Rhode Island one step closer to permanent free college

by Joseph K. Clark

Dive Brief:

  • Rhode Island lawmakers approved legislation this week that would cement into law the state’s free college program. It now heads to the governor’s desk for his signature.
  • The Rhode Island Promise provides up to two years of free tuition for specific Community College of Rhode Island students. It was set to expire for the class entering this September, but a newly passed pair of bills would make it permanent.
  • The program currently costs $7 million a year. Conversations around making college more affordable have ramped up in light of the pandemic’s financial impact on students.

Dive Insight:

permanent free college

Former Gov. Gina Raimondo, a Democrat who left to work in the Biden administration, proposed the program in 2017 to improve college access. Students must enroll full-time, qualify for in-state tuition, and maintain a 2.5 GPA to get free education.

The program was initially due to wind down for the class entering the community college in 2020, but state lawmakers extended it for a year. The new legislation, which passed in the state’s House and Senate, enshrines it into law.

The office of Gov. Daniel McKee, a Democrat, did not respond to a request for comment Wednesday as to whether he would sign the measure.

Like many states’ free tuition initiatives, including in Tennessee, the Rhode Island Promise is last-dollar, which means it covers the remaining tuition cost after all other aid, such as the federal Pell Grant, is applied. There are at least 31 statewide programs, according to advocacy group College Promise.

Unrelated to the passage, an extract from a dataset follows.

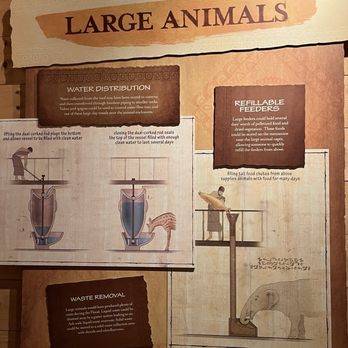 Ark Encounter - Animal management - Museums Near Me - Williamstown, Kentucky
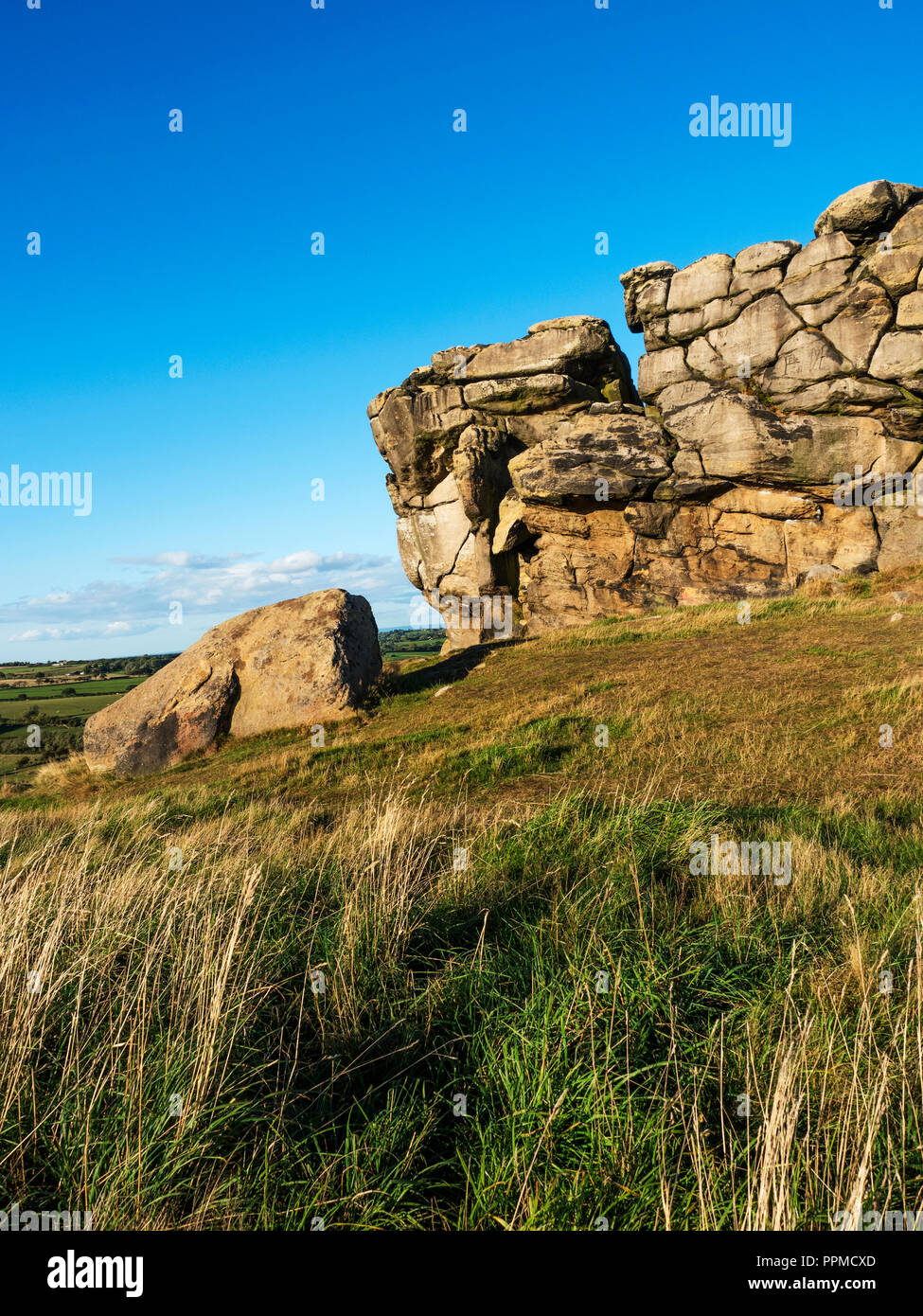 Rupe Almscliff macina grinta affioramenti vicino a Harrogate North Yorkshire, Inghilterra Foto Stock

One postsecondary finance expert told Higher Ed Dive in February that it’s unusual for states to put such a financial obligation into law, as it can be restrictive during periods of economic contraction.

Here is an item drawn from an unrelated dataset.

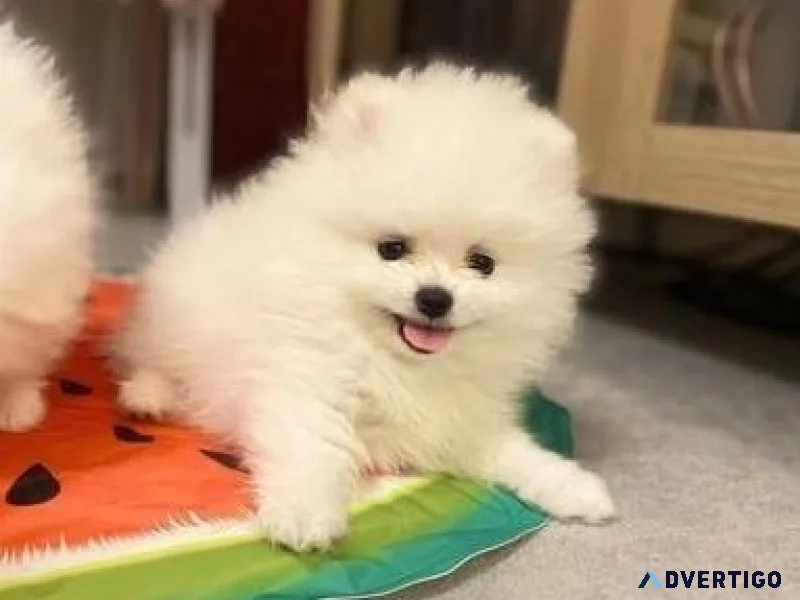 Beautiful Well bred pomeranian pups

Discussions around tuition-free college have intensified during the pandemic, but lawmakers’ primary point of contention is the cost of implementing such programs. President Joe Biden followed up on a campaign pledge last month by asking Congress to set aside $109 billion to make up to two years of free community college, including unauthorized immigrant students. It has been panned by Republicans.

On the campaign trail, Biden also proposed making four-year public schools tuition-free for families earning less than $125,000.